Starting at the first line of the records below, reproduce every line up to and including the line with "3.2mm Dia, Solid", but leave out all pictures.
══ Source material ══
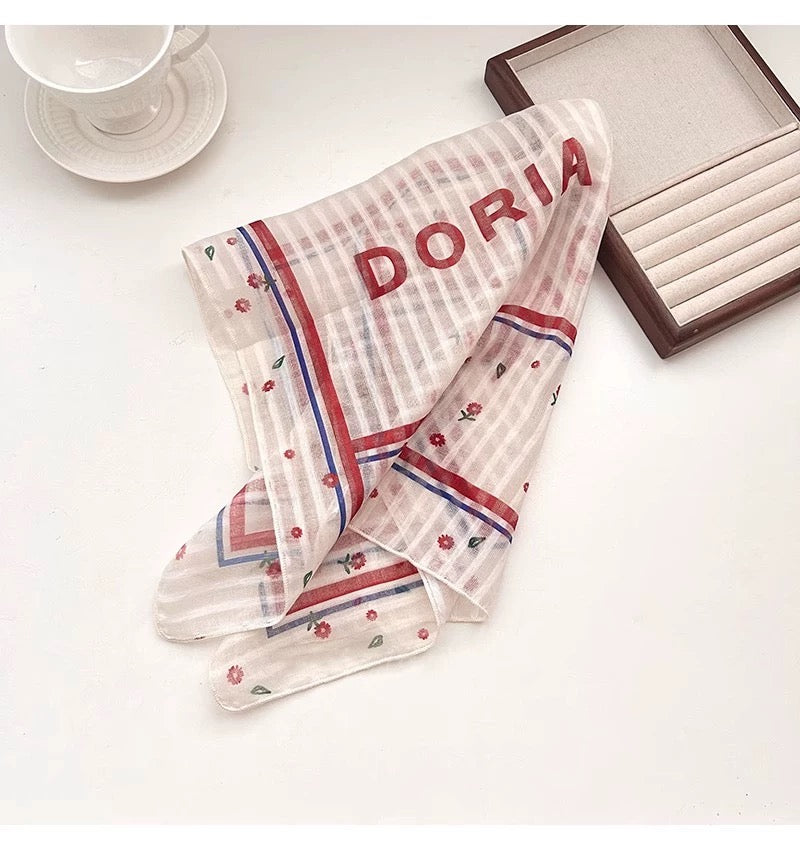 Cool Scarf /Headband (Orange, White)
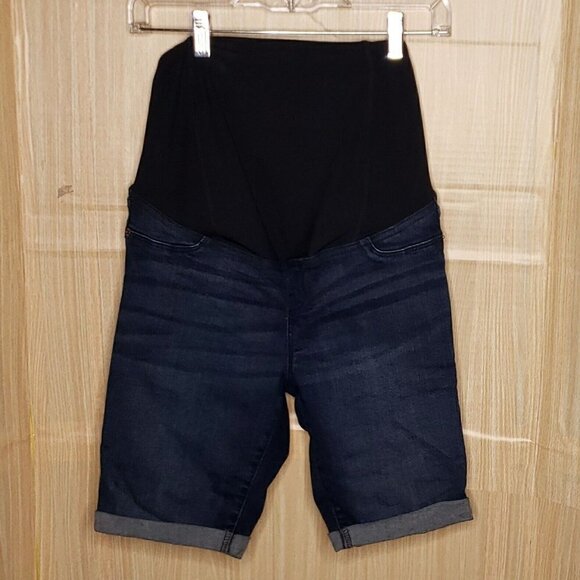 Isabel Maternity Womens Denim Bermuda Shorts 4 - Picture 1 of 6
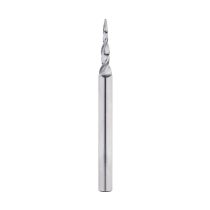 3.2mm Dia, Solid Carbide, Spiral Taper Ball Nose Bit, 6.35mm Shank, 76.2mm Length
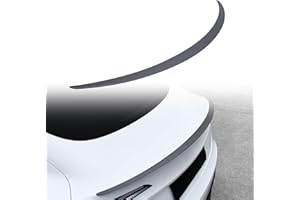 Suemoss Spoiler Fit for Tesla Model 3 2017-2023, Upgrade ABS Material Rear Spoiler Wing OEM Rear Trunk Lip, Model 3 Accessories (Matte Carbon Fiber)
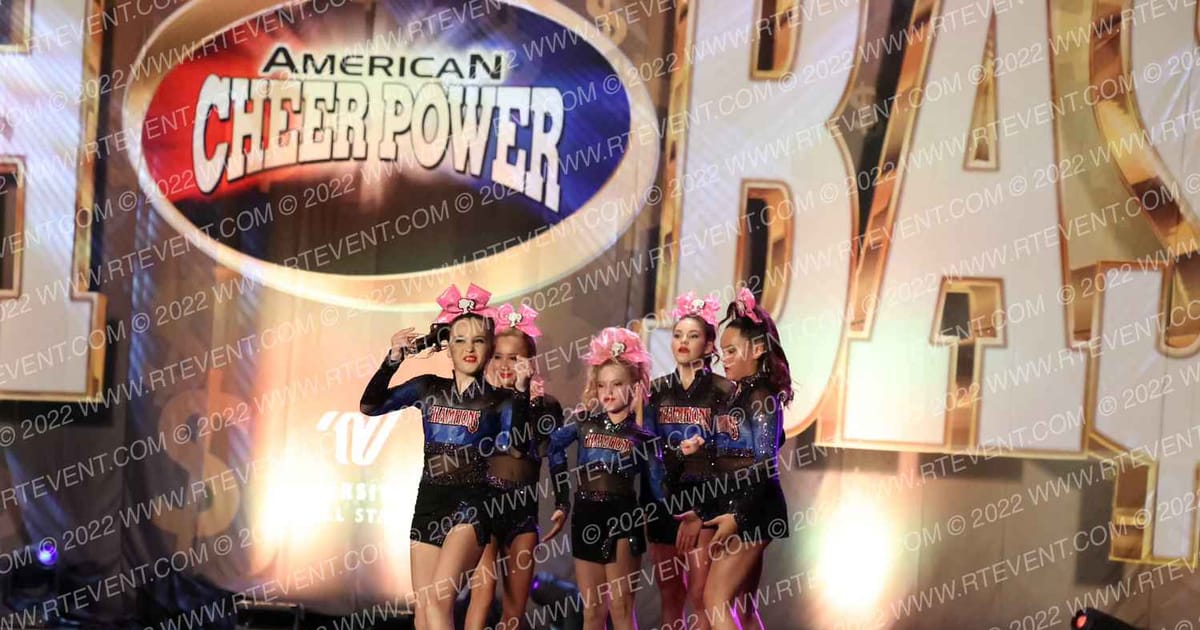 The Champions All Stars Blazin' Barbies · Cheer Power Cash Bash Galveston Showdown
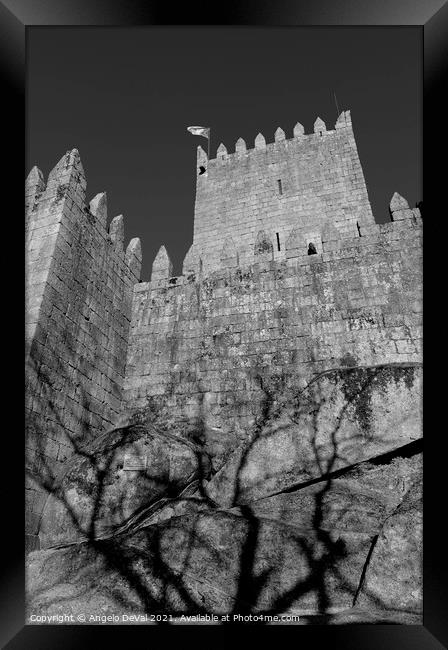 Medieval Castle of Guimaraes 2 Framed Print by Angelo DeVal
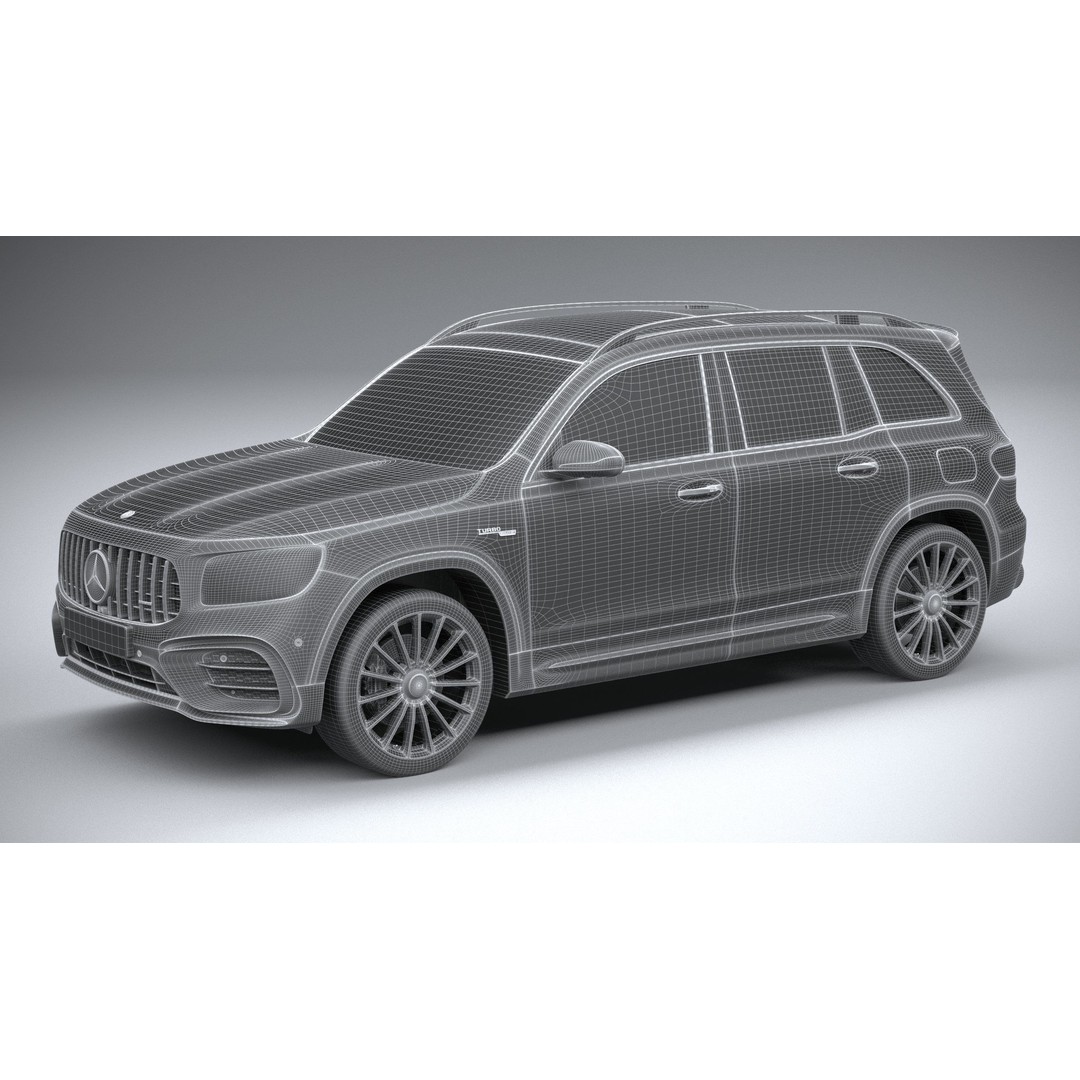 Mercedes-Benz GLB35 AMG 2024 3D Model – High Poly Car Asset, FBX, OBJ - View 28
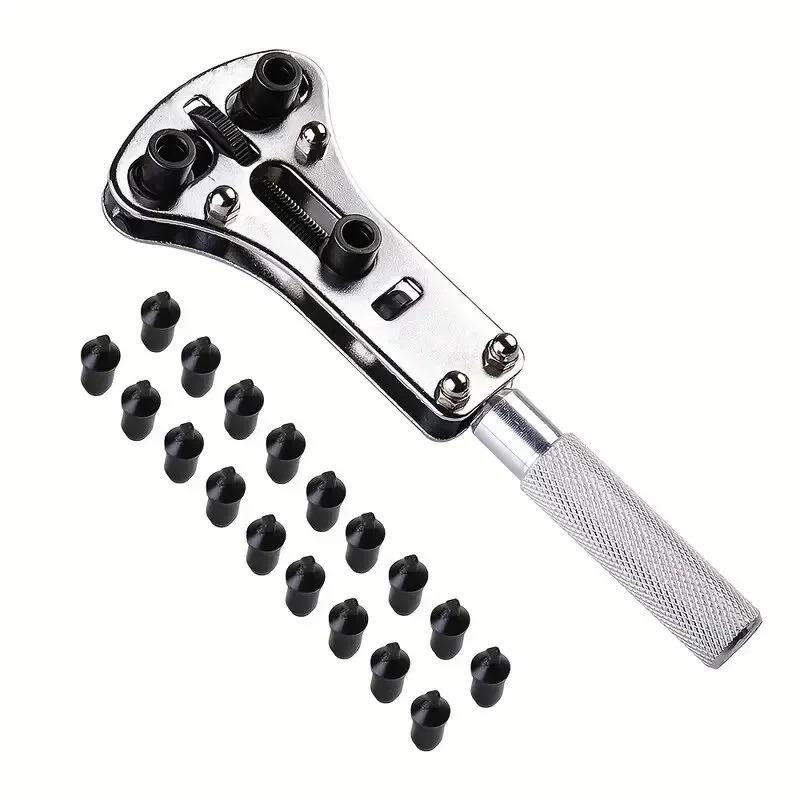 2025 New 3 Claw Watch Case Opener Adjustable Screw Back Remover Wrench Replace Battery After Repairing Tool Bottom Cap
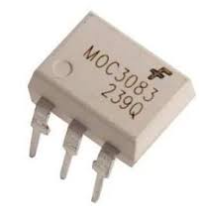 MOC3083 DIP-6 Triac Çıkışlı Optokuplör Entegresi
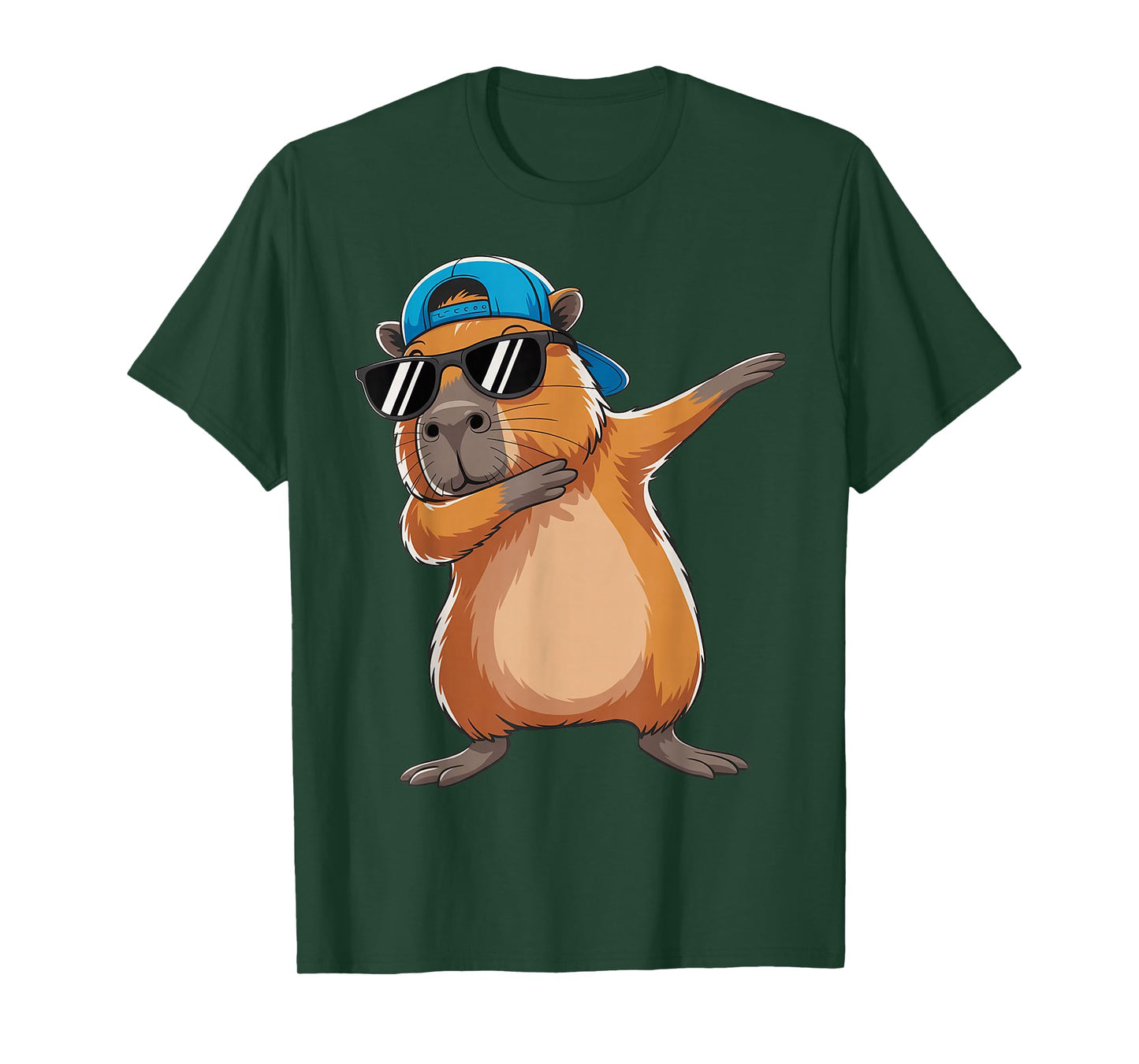 Cute Dabbing Capybara Animal Boys Men Toddler Kids T-Shirt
═══
▸ Your solution:
 Cool Scarf /Headband (Orange, White)
 Isabel Maternity Womens Denim Bermuda Shorts 4 - Picture 1 of 6
 3.2mm Dia, Solid Carbide, Spiral Taper Ball Nose Bit, 6.35mm Shank, 76.2mm Length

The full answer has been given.